Iraq: another spike in executions with 38 people hanged in last four days
‘The increasing use of the death penalty in Iraq will only fuel more violence’ - Said Boumedouha
Reports have emerged today of 12 secret executions carried out by the Iraqi authorities, bringing the number of prisoners put to death in the country since the weekend to 38, Amnesty International said today.
Yesterday the Iraqi Ministry of Justice issued a statement confirming that the authorities had executed 26 men two days earlier - on Sunday. One of these was Adel al-Mashehadani, who was said by the Ministry of Justice to have carried out a number of sectarian attacks. Amnesty has separately confirmed through independent sources that at least 12 further men have also been executed.
The organisation has also learnt that the Iraqi president’s office has ratified around 200 cases of people sentenced to death, paving the way for these executions to be carried out. In Iraq, all judicially-confirmed death sentences need to be ratified by the presidency before they can be implemented.

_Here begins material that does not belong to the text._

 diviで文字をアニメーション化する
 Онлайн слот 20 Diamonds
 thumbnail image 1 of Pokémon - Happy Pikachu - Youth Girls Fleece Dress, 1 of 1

Most of those hanged in this latest spike of executions - all Iraqi men - were convicted on charges of terrorism under the country’s draconian 2005 Anti-Terrorism Law. Amnesty fears that the Iraqi authorities may be using the current violence in al-Anbar governorate to speed up executions to demonstrate their efforts to protect civilians against attacks by armed groups.
Amnesty International Middle East and North Africa Deputy Director Said Boumedouha said:
“The increasing use of the death penalty in Iraq will only fuel more violence as many of those executed are often convicted after grossly unfair trials.
“The only way to deal effectively with the security threats faced by the country is for the Iraqi authorities to address their deeply flawed justice system, in which ‘confessions’ extracted under torture are used as evidence in court and the execution of prisoners is routine.”
These latest executions come less than a week after the UN Secretary General Ban Ki-moon called on the Iraqi authorities to put a moratorium on executions during a visit to Iraq. This call was rejected by Iraqi Prime Minister Nuri al-Maliki, who said in a joint press conference that the authorities “do not believe that the rights of someone who kills people must be respected.”